▶ Required work
Nothing but the lines from the first line of the entries through the line with "Bracelet marbré en" should appear in the answer, transcribed exactly and free of pictures.

Start of Materials provided

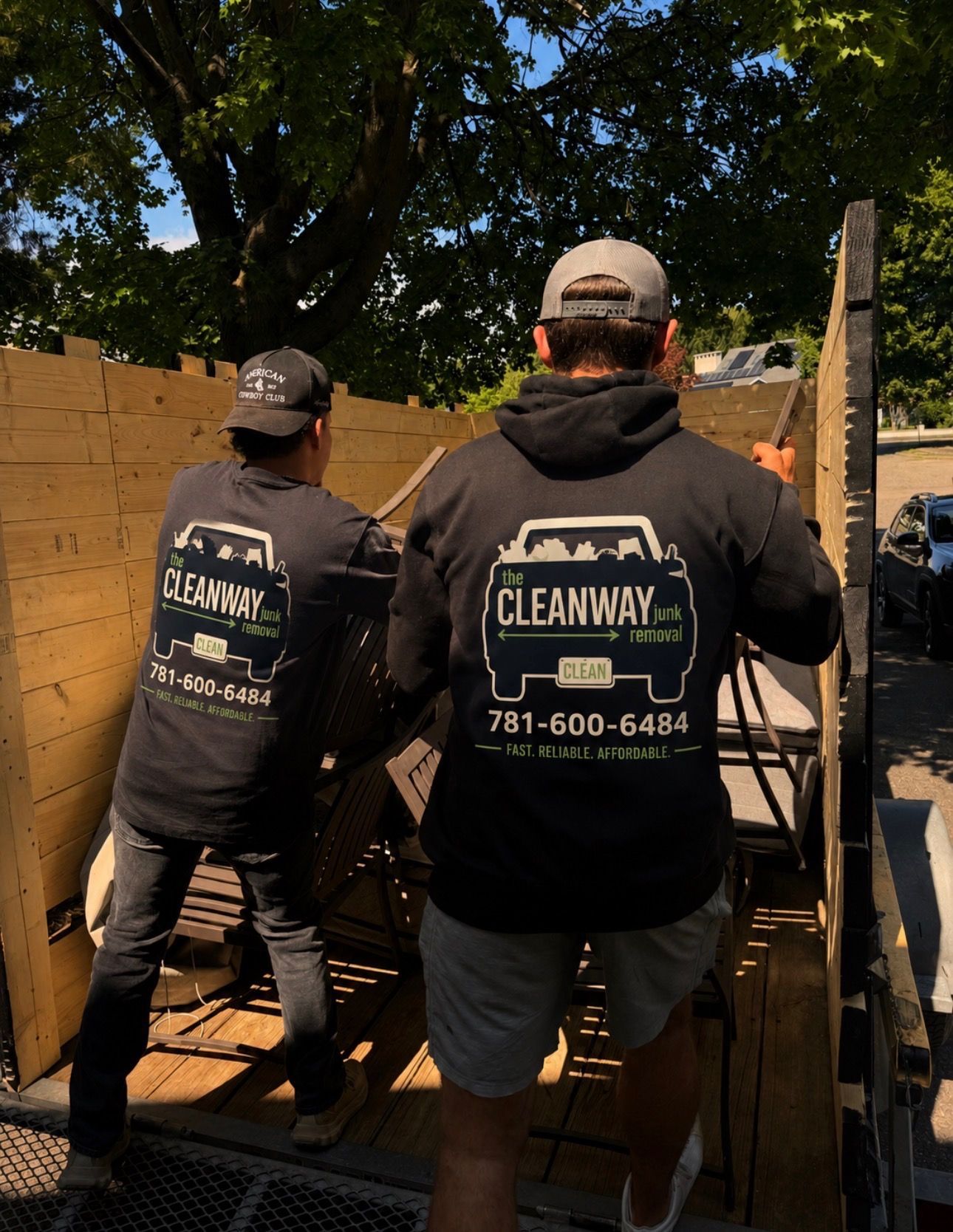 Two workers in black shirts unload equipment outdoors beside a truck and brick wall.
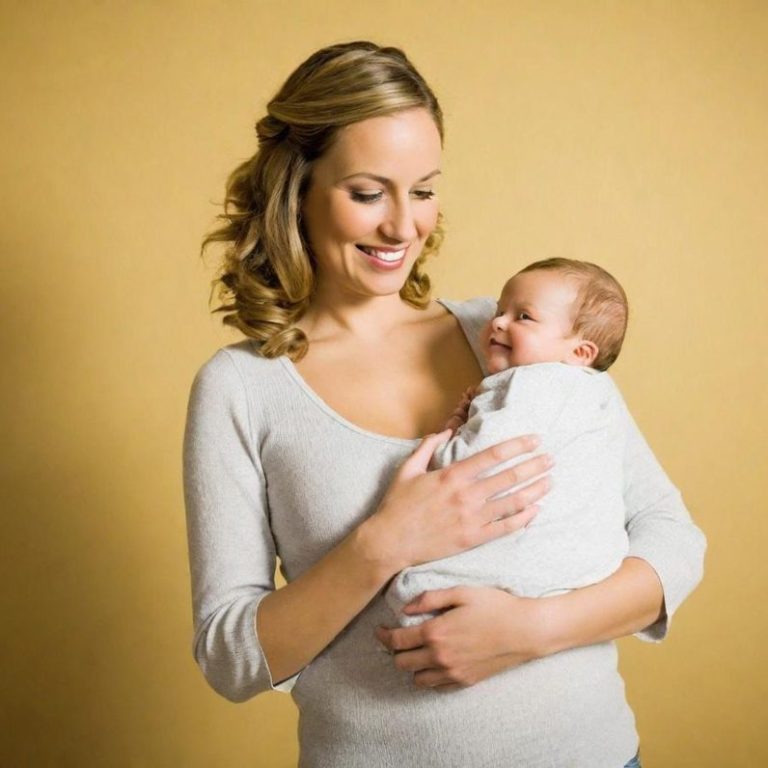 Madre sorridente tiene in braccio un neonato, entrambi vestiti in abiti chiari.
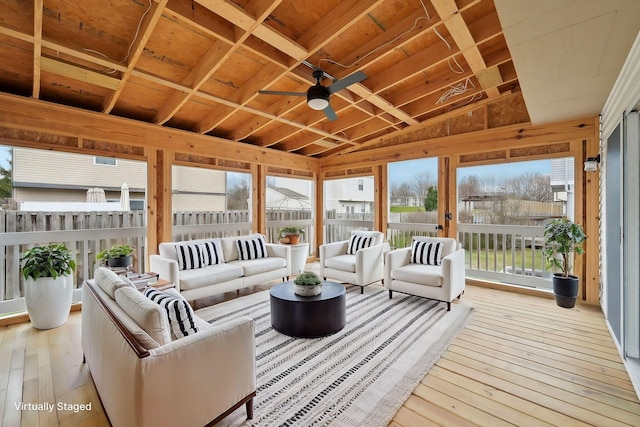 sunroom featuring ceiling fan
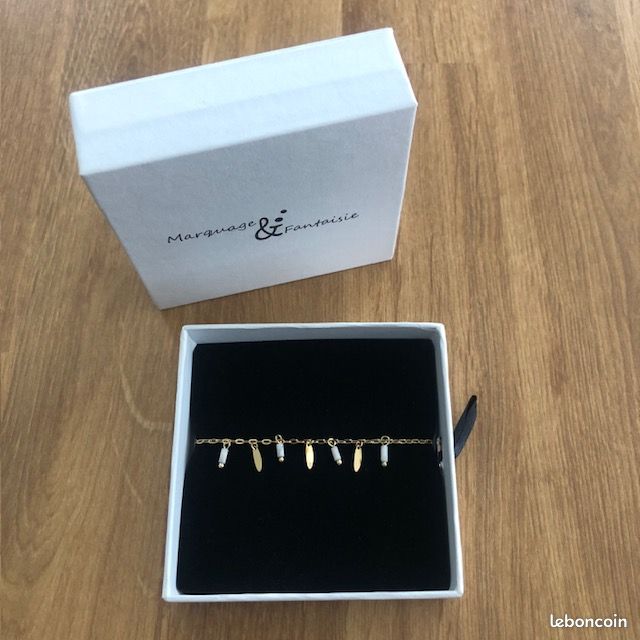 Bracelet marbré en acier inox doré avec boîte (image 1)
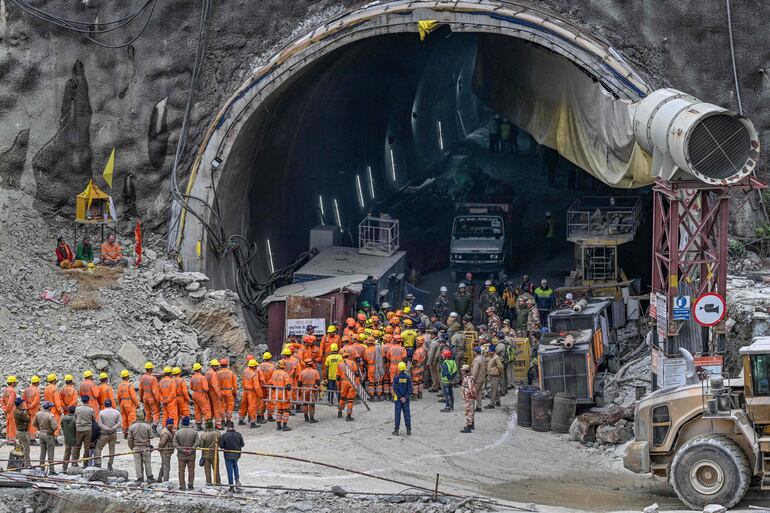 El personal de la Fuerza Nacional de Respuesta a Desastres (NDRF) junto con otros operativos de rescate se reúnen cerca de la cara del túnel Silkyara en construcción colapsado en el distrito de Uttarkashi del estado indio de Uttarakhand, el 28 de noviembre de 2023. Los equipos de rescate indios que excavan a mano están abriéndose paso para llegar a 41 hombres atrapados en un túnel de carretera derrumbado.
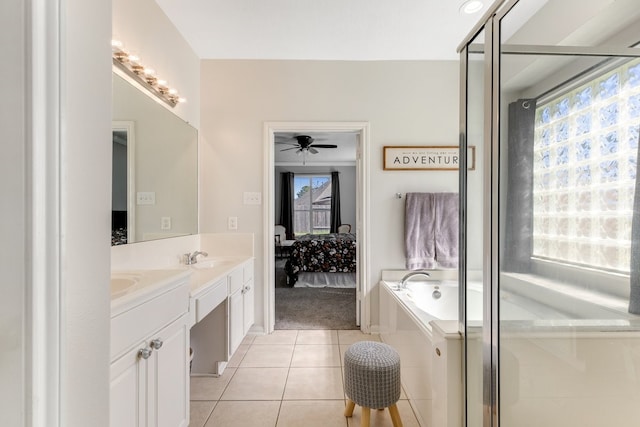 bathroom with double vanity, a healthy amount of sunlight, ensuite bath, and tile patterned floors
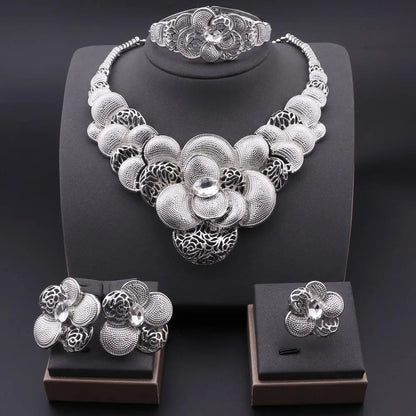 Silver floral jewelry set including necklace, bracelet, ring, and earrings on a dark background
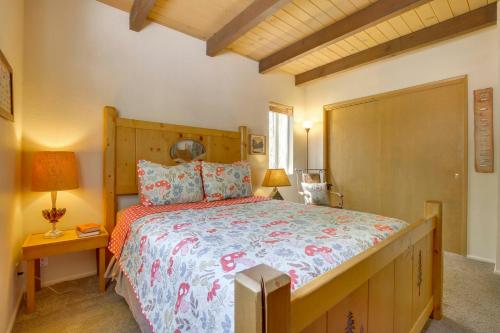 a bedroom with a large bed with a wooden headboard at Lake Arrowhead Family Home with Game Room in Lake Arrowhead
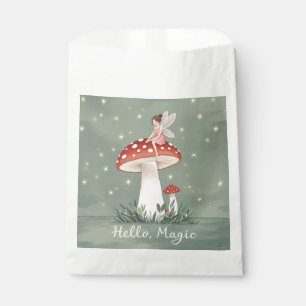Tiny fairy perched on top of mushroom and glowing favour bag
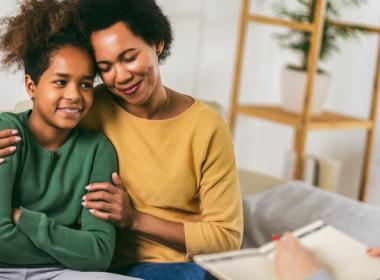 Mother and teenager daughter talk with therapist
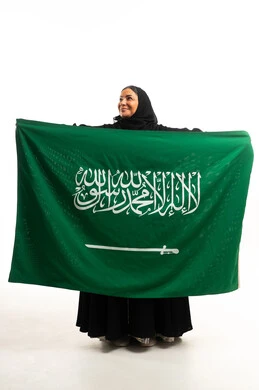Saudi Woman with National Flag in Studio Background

End of Materials provided

▶ Response to this exercise
 Two workers in black shirts unload equipment outdoors beside a truck and brick wall.
 Madre sorridente tiene in braccio un neonato, entrambi vestiti in abiti chiari.
 sunroom featuring ceiling fan
 Bracelet marbré en acier inox doré avec boîte (image 1)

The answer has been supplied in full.